It's not the same argument.  You are arguing that most people will stick with a company no matter what because they have had success with that company in the past.  I am arguing that as long as the product has the features they need (i.e. it works for their usage case) then they will pick a product based upon other factors, one of the most important being price.


----------



## yogurt_21 (Oct 8, 2014)

The Von Matrices said:


> It's not the same argument.  You are arguing that most people will stick with a company no matter what because they have had success with that company in the past.  I am arguing that as long as the product has the features they need (i.e. it works for their usage case) then they will pick a product based upon other factors, one of the most important being price.



Actually it is the same argument. There wasn't a "no matter what" to my argument. Perhaps in your head there was, but not in the post nor in my intent. There are a variety of factors at play here. One of which is the fact that there are currently only 2 variants of 970's in stock on the egg atm. Both are above the 330$ price range. The cheapest 290 is the same as mine, huge but a nice quiet cooler that works wonderfully it's 60$ cheaper (before MIR for an additional 20$) includes the gold amd bundle of 3 free games as well as 2 more free games Alien Isolation and Star Citizen. Alien Isolation is an additional 50$ value all by itself. The max the extra's plus price discount are worth is 200$ (assuming the games in the gold package are 20$ a piece and you send in the MIR, 60 + 20 + 50 + 20 + 20 + 20 + star citizen)

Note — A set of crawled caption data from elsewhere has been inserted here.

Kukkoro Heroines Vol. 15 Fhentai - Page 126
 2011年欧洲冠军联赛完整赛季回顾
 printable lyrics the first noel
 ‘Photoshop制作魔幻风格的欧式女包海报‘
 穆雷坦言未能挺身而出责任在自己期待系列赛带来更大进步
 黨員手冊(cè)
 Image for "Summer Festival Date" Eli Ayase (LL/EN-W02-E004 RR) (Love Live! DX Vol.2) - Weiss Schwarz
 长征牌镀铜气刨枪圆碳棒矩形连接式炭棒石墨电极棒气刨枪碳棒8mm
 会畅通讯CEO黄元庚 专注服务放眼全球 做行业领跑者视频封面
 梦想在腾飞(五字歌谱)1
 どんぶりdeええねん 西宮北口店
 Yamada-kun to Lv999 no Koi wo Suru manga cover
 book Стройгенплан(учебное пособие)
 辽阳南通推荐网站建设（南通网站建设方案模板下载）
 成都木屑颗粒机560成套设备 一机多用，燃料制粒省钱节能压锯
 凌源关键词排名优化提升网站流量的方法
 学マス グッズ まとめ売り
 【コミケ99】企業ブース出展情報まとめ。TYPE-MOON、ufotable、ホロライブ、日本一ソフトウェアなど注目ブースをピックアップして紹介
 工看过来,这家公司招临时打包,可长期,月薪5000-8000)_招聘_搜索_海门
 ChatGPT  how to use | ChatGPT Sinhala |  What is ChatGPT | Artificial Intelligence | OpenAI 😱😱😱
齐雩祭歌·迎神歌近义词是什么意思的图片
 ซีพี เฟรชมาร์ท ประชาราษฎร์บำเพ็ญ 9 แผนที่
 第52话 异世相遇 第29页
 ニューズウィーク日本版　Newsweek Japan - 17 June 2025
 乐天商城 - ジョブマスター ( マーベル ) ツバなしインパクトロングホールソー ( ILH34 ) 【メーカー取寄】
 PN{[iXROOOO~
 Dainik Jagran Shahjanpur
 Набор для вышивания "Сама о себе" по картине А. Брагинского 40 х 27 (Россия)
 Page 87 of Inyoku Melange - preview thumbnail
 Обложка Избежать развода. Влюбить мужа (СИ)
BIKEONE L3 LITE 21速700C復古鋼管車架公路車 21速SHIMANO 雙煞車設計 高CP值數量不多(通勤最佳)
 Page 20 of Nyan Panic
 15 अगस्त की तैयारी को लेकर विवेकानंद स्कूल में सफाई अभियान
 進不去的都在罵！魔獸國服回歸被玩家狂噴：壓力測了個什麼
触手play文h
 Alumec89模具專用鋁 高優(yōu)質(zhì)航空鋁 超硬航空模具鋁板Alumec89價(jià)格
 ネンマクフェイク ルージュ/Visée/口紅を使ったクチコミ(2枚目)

The 970 also comes with a nice cooler, but other than that it's bundle is a 5$ promotional gift card. So extras + price = 5$ on newegg. 

The 970 is 11% faster at 1080p according to TPU reviews, and 7% faster at higher resolutions. It is also a bit more energy efficient, but not exactly a fermi to Kepler jump. 

If you see that as worthwhile over the 290, then by all means go for it. I hate to tell you though than any reasonable person will likely decide the other way considering all it includes. This is especially true for fanboys.


----------



## vega22 (Oct 8, 2014)

RCoon said:


> Nothing in any hardware related sector is particularly interesting me. Processors are barely better than sandy, GPU's have only just gotten better after god knows how many years, and every other hardware section is at a standstill bar RAM, and DDR4 has a nonexistant following besides those so desperate to upgrade to Haswell-E



stackable flash and its knock on effect to system and data storage is about as exciting as i see anything getting atm...how fucked up is that!!!!


----------



## The Von Matrices (Oct 9, 2014)

yogurt_21 said:


> Actually it is the same argument. There wasn't a "no matter what" to my argument. Perhaps in your head there was, but not in the post nor in my intent. There are a variety of factors at play here. One of which is the fact that there are currently only 2 variants of 970's in stock on the egg atm. Both are above the 330$ price range. The cheapest 290 is the same as mine, huge but a nice quiet cooler that works wonderfully it's 60$ cheaper (before MIR for an additional 20$) includes the gold amd bundle of 3 free games as well as 2 more free games Alien Isolation and Star Citizen. Alien Isolation is an additional 50$ value all by itself. The max the extra's plus price discount are worth is 200$ (assuming the games in the gold package are 20$ a piece and you send in the MIR, 60 + 20 + 50 + 20 + 20 + 20 + star citizen)
> 
> The 970 also comes with a nice cooler, but other than that it's bundle is a 5$ promotional gift card. So extras + price = 5$ on newegg.
> 
> ...


I see where the issue lies.  You are arguing that the 290 is a good value when it is $60-$80 cheaper than the 970, an argument for which I completely agree.  The 290 is not a good value at or above $300, the price listed in the original post and the one I thought you were talking about.  In addition, while you are correct in that the reference GTX 970s are out of stock, you also should consider that the higher priced GTX 970 you mentioned is the EVGA SC, which is 6% more expensive for 5% more performance, pretty much a wash in price/performance.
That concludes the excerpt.